The cover of a comic book is usually its centerpiece. Most of the story panels are “fly-over country” in-between panels leading to the “big” scenes. We prefer to focus on the big scenes in our photo shoots: battle scenes composed of Neelu (and others), plenty of slain Malgynians (and occasionally one about to die), smoke, and various props. We select a few of the best images from each shoot to render as covers. And while composition and poses may be similar, again, each model/actress brings something new to the scene.
And how many comic books have a photo as a cover? Obviously a lot more here than just a comic book – where do you hope to take this?
“Multi-media” is a quaint term nowadays, but that’s the concept. It takes a long time to generate fully-completed comic pages, so there’s no immediate plan to be cranking out comic books; the current script being worked on was initially intended to provide just the back-story. But the Neelu of the comic art will be an evolving character, with as many inner conflicts as outer; though an action heroine, she is foremost a girl- and that makes her more accessible to her young audience. Eventually we’re contemplating a sort of “graphic novel” hybrid which would include artwork, photos and text. And a web-page. Appearances at comic-cons with some of our models. Casting-calls. Of course, like nearly every entity with a fully-developed original character, we’re not averse to the idea of earning the attention one day of a film studio. Nothing would please me more than one day seeing girls embrace Neelu the way we saw them embrace Wonder Woman in 2017…
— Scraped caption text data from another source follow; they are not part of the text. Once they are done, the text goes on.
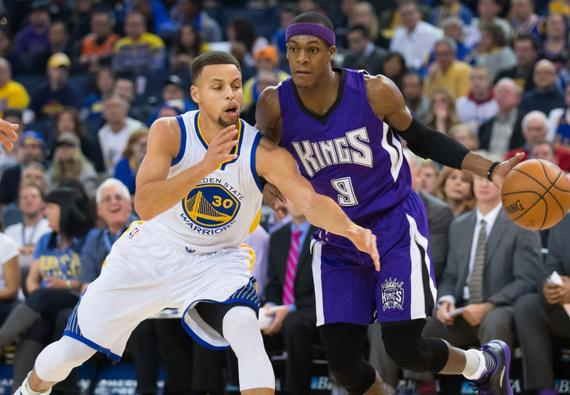 沙特联赛C 沙特联赛C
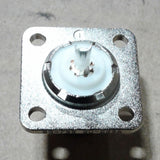 Terex : CONNECTOR Part No. 58441TU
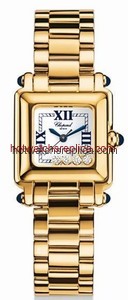 Chopard Happy Sport 276851-0007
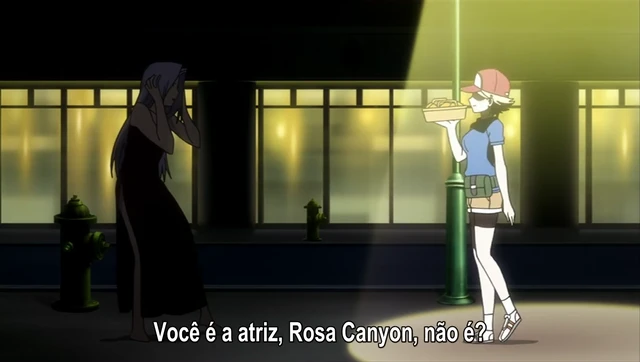Episódio 03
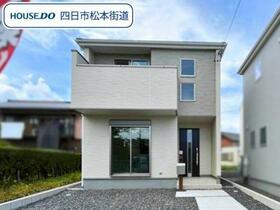 三重県四日市市智積町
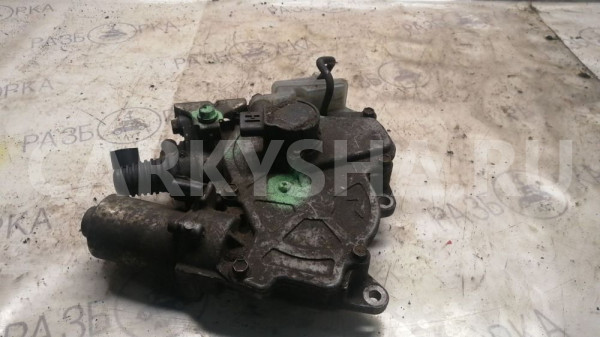 Актуатор сцепления Toyota Auris E 150 1.4 Toyota Auris оригинальный номер 3136052042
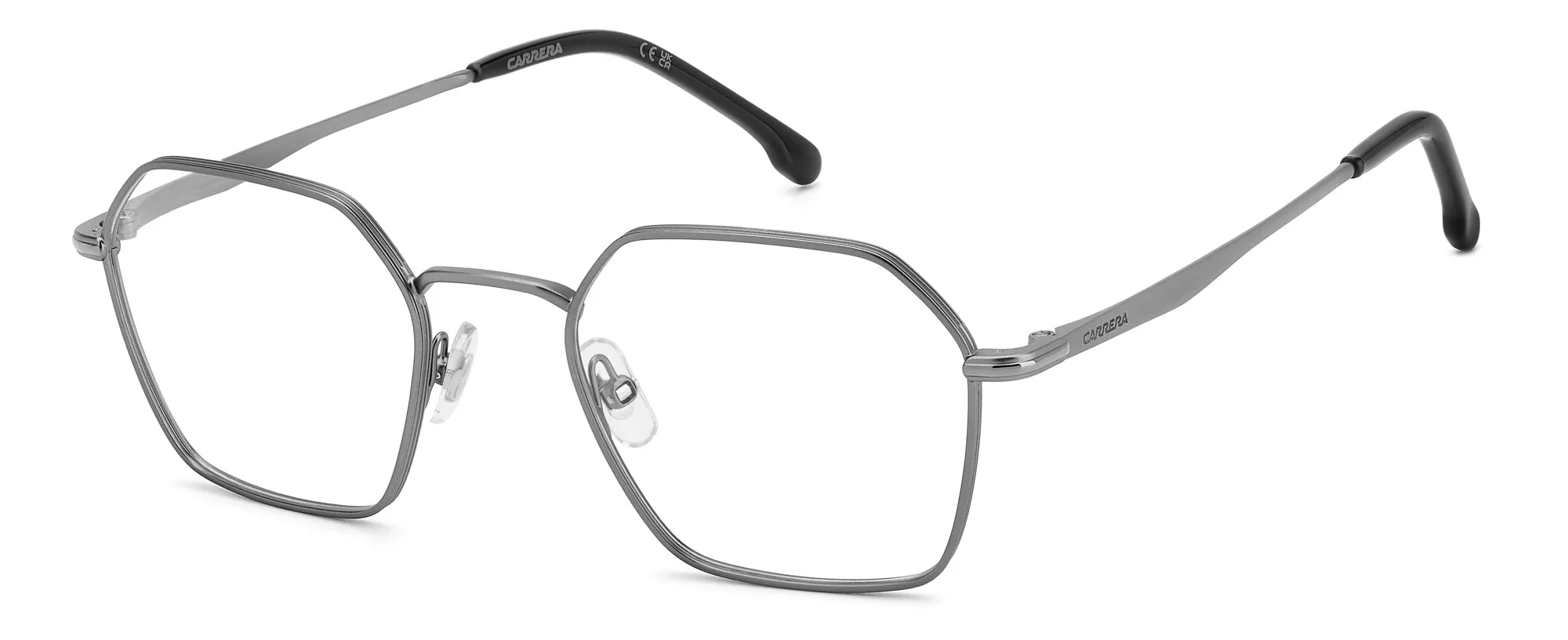 Carrera 335 sold by Fashion Eyewear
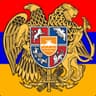 ohanessian25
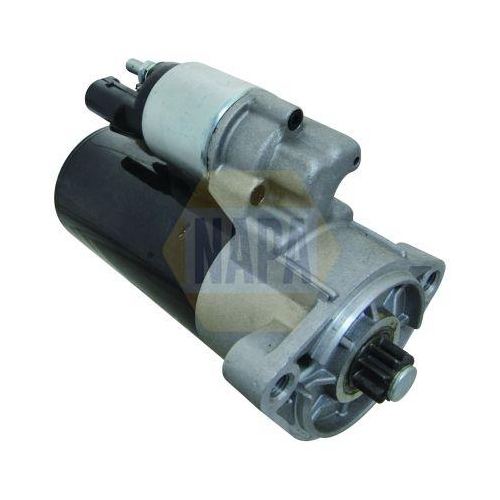 NAPA Starter NAPA NSM1211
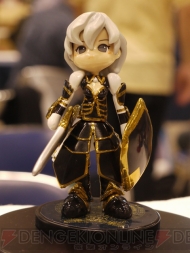 ワンダーフェスティバル 2009［夏］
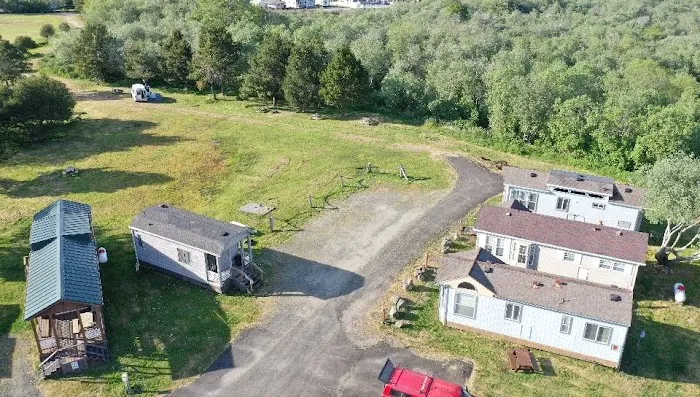 Barnett Resorts LLC Picture 3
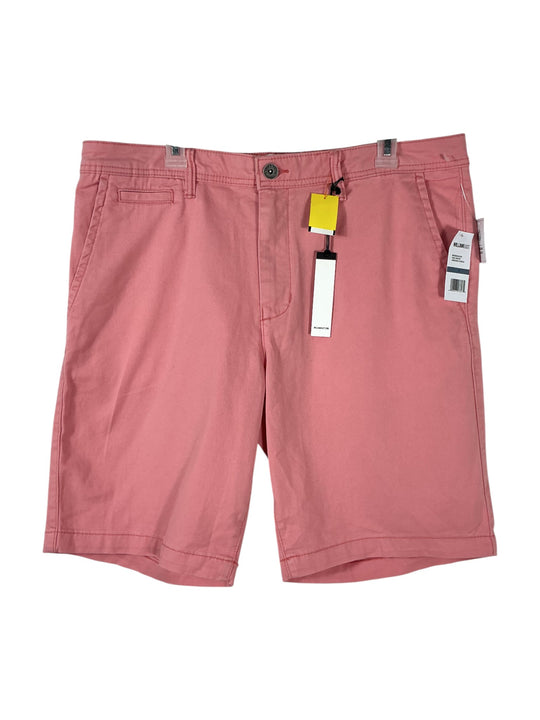 Pantaloneta 36 (WILLIAMRAST)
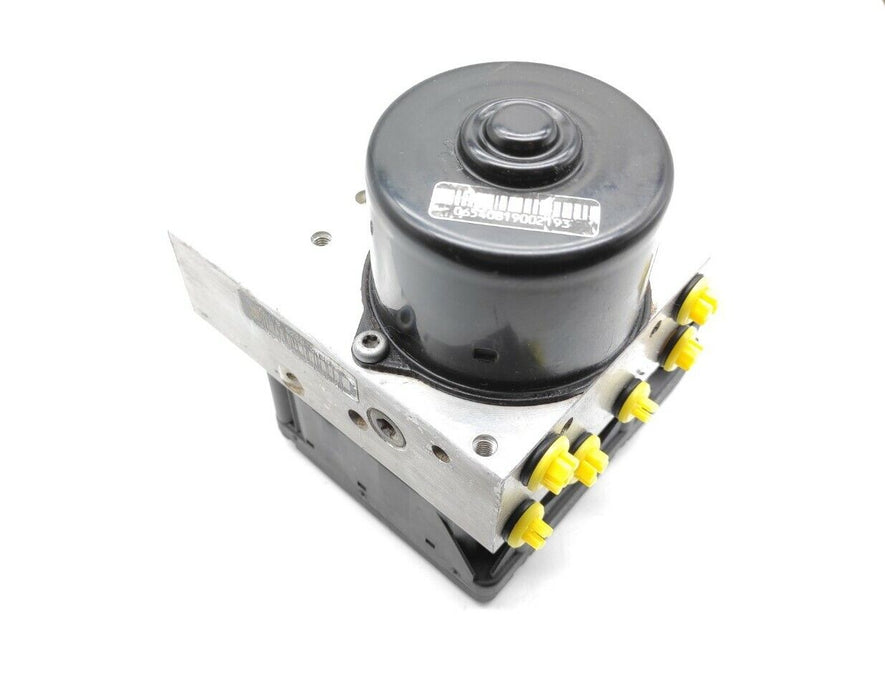 ABS Pump Audi TT 8N0614417 8N0907379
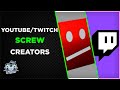 The most recent Anti-Creator actions of YouTube and Twitch - Theft and Apathy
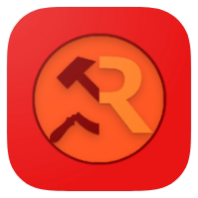 Rutor Client icon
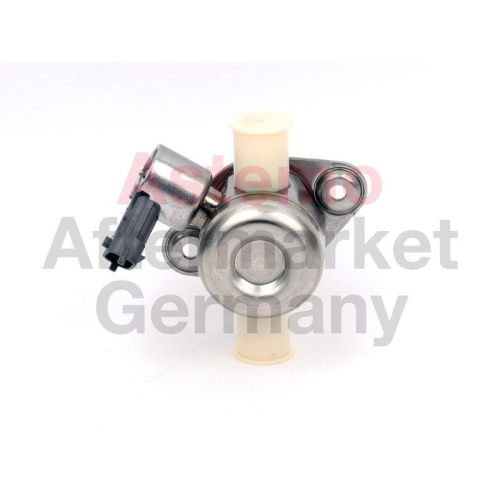 ASTEMO Hochdruckpumpe 2503106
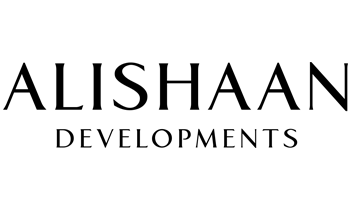 Alishaan Developments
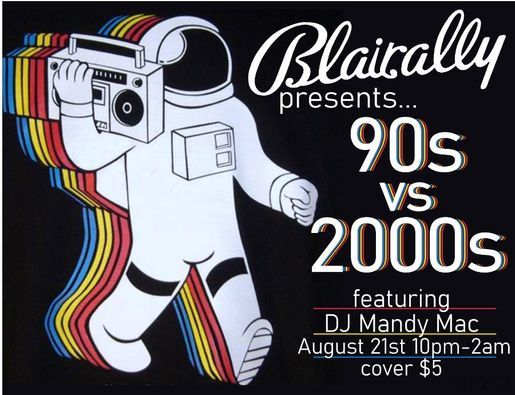 Events In Eugene In August 2021 Events Going On In Eugene, Oregon In Aug. 2022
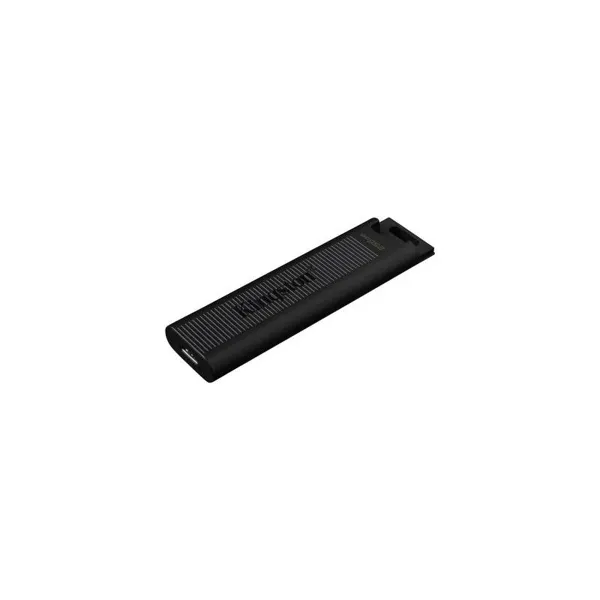 Kingston - DTMAX/512GB - USB Stick, 512GB, schwarz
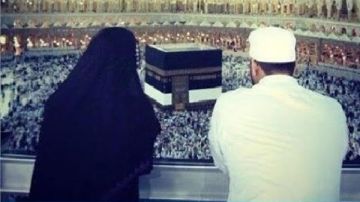 حكم الحج من مال الزوجة الخاص.. الإفتاء توضح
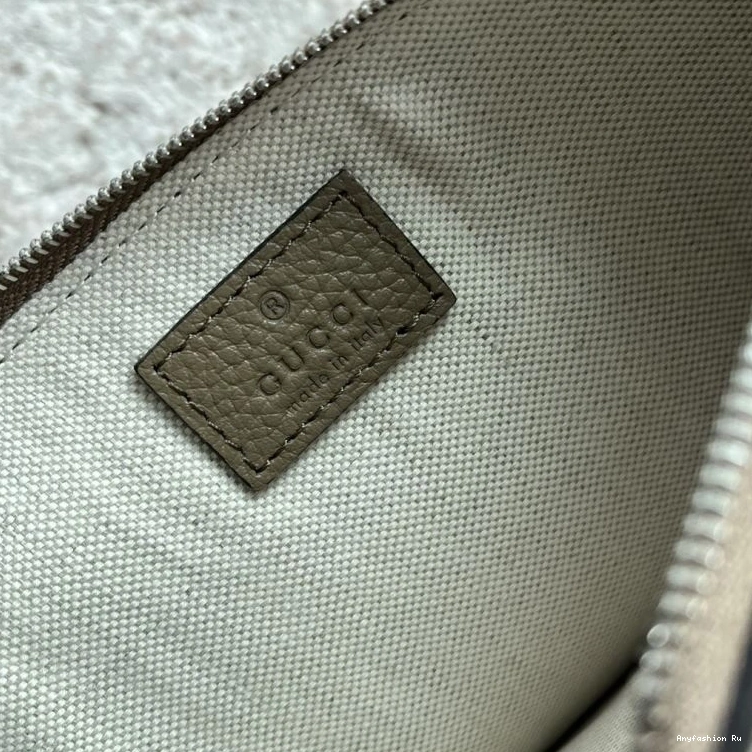 Gucci Shopping Lightweight Bags 74451 0730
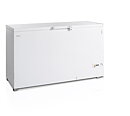 Frysbox FR505 SL, 463 liter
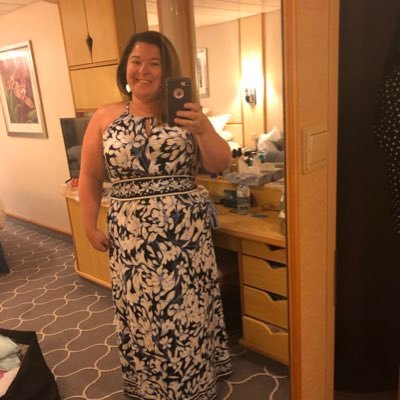 chelley599's profile picture. 4th grade teacher in SC. I am a born and raised New Englander trying to navigate through life as newly Southern.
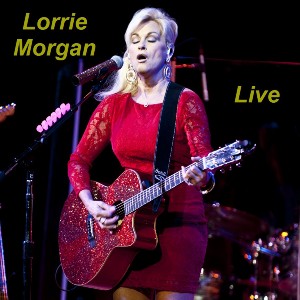 Lorrie Morgan - Discography (32 Albums = 34CD's) - Page 2 23izepc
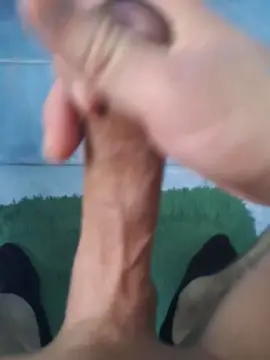 Cam4 Private Sex Chat of kleroor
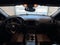 2018 Jeep Grand Cherokee Altitude 4x4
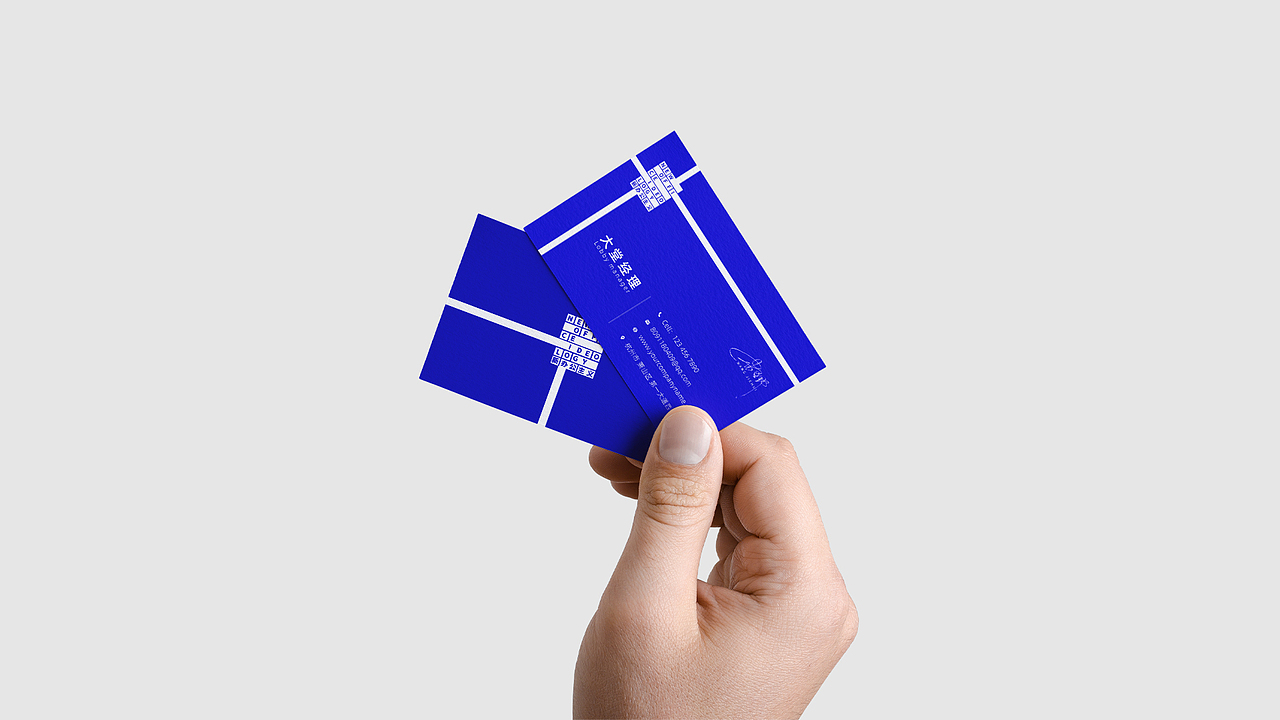 2022年廣州設(shè)計(jì)周-新辦公主義標(biāo)志與宣傳海報(bào)（圖ZMjk4NjE1NDMy） - 海報(bào) - 站酷設(shè)計(jì)師阿凸不禿原創(chuàng)素材 - 站酷ZCOOL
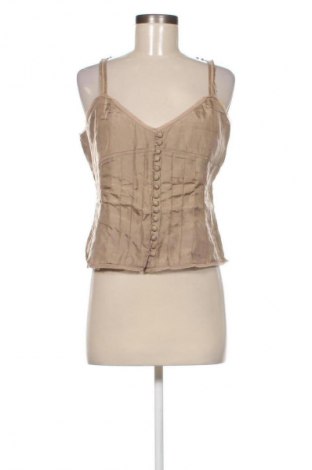 Top de femei Penny Black, Mărime XL, Culoare Bej, Preț 188,99 Lei
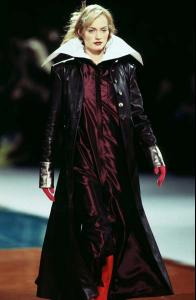 amber_lagerfeld_gallery_fw962.jpg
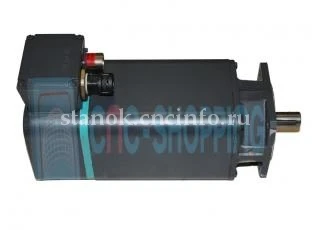 Сервомотор SIEMENS Motor with brake 1FT5064-0AF01-2-Z G45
Why do you only do still shots? Why don’t you also make moooovies?
Because moooovies –especially outdoor action moooovies- cost millions of $$$ to produce without looking embarrassingly B-grade; just go on YouTube and you’ll find thousands of examples of cheesy woman-warrior/action-heroine films made on low budgets. Until someone with the bank account of a Getty or Gates takes an interest in this, you’re stuck with the scrawny/flaccid Hollywood starlets in the big-budget productions! However, we may soon be offering some “behind-the-scenes” videos with footage of the photo-shoot itself.